A prímula mais alta
As convulsões que têm afligido Espanha, ameaçando a sua integridade, são o resultado inevitável das más partilhas feitas pelos primeiros reis ibéricos. Na senda da deriva independentista da Catalunha, veio há semanas a público uma proposta do parlamento andaluz de se criar uma Grande Andaluzia, agregando-se à província com esse nome os demais «países andaluzes»: Múrcia, Algarve e Alentejo. Portugal não deve ficar mudo e quedo face a estas pulsões expansionistas que ameaçam reduzi-lo e retalhá-lo. Sim, deve afirmar desde já a vontade firme de anexar a Andaluzia — ou, em versão diplomática, a calorosa disposição de acolher a Andaluzia e as suas gentes, se elas enveradarem por uma trajectória secessionista face a Madrid. Mas não deve ficar por aqui. Que a Galiza não faça parte de Portugal é um erro crasso denunciado há muitos séculos por patriotas portugueses e galegos. Este é o momento de agir: Portugal cumpre o seu destino histórico e, ao mesmo tempo, remedeia a sua vergonhosa penúria em espécies do género Primula.
Os números são de uma triste eloquência: temos uma única espécie, Primula acaulis, quando, sem contar híbridos nem subespécies, em Espanha há oito, na Europa 33, e na China e Himalaias mais de 300. Unindo-nos à Galiza passaríamos a ter três. Sem ser bom, ajudaria a atenuar a injustiça. A mais alta das prímulas (é isso que garante, com algum exagero, o epíteto específico), Primula elatior, faria parte do enxoval, acompanhada pela Primula veris (se o seu latim anda tremido, saiba que aquele veris não significa que esta prímula seja mais verdadeira que as outras, mas sim que floresce na Primavera, como aliás fazem quase todas). Ficaríamos ainda privados desta jóia, mas ganharíamos alento para novas conquistas.

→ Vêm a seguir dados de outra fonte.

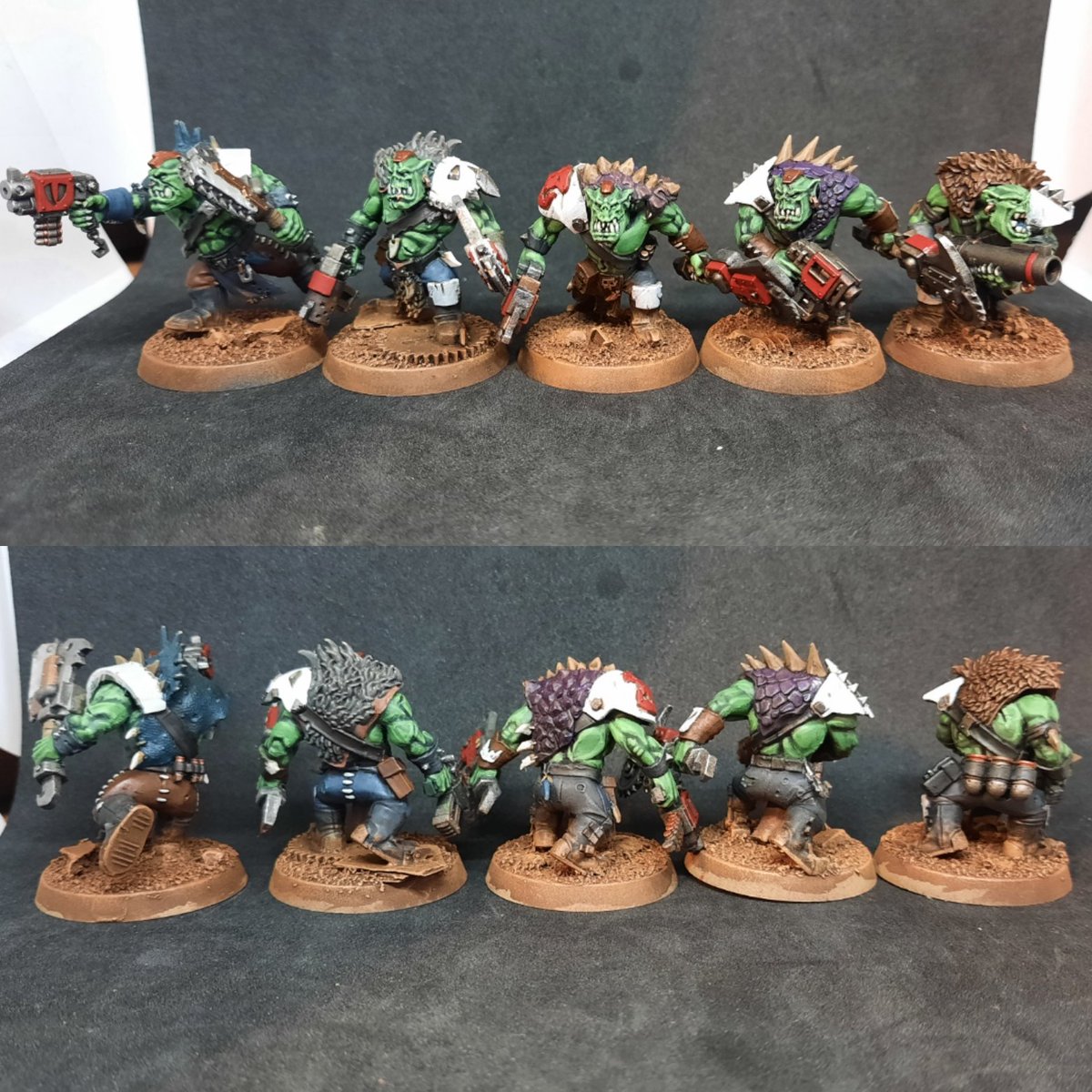 Spoogles's tweet image. #hobbystreak day 40! A few minutes here &amp;amp; there each night for the last week. Mainly drybrushing bases, layering armour colours &amp;amp; picking out teeth, claws, trophies &amp;amp; tongues. Layers &amp;amp; highlights on the pelts, cloth &amp;amp; metals to go! #warhammercommunity #warmongers #orks #waaagh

A P. elatior, que encontrámos nas Astúrias e na Cantábria, é mais frequente no norte de Espanha, ao longo dos Pirenéus e da cordilheira cantábrica; no resto da Península, só aparece na serra Nevada e, muito esporadicamente, em algumas serras do Sistema Central ibérico (Gredos e Guadarrama). As suas flores são pálidas como as da P. acaulis e surgem agrupadas na extremidade de hastes erectas como na P. veris; as suas folhas muito rugosas, reunidas em roseta basal, são também uma média entre as folhas das duas outras espécies. É natural que se levante a suspeita: será a P. elatior, não uma verdadeira espécie, mas um híbrido da P. verna com a P. acaulis? A resposta é negativa, pois o híbrido entre as duas ocorre naturalmente, acompanhado pelos seus progenitores, em grande parte da Europa; e, como podemos confirmar nesta página, não tem a cara da P. elatior, embora faça lembrar. As flores são mais pequenas, exibem manchas escuras na base das pétalas, e não estão todas viradas para o mesmo lado como sucede na P. elatior; além disso, os cálices são claramente diferentes (compare com a 3.ª foto acima) e as hastes florais mais curtas.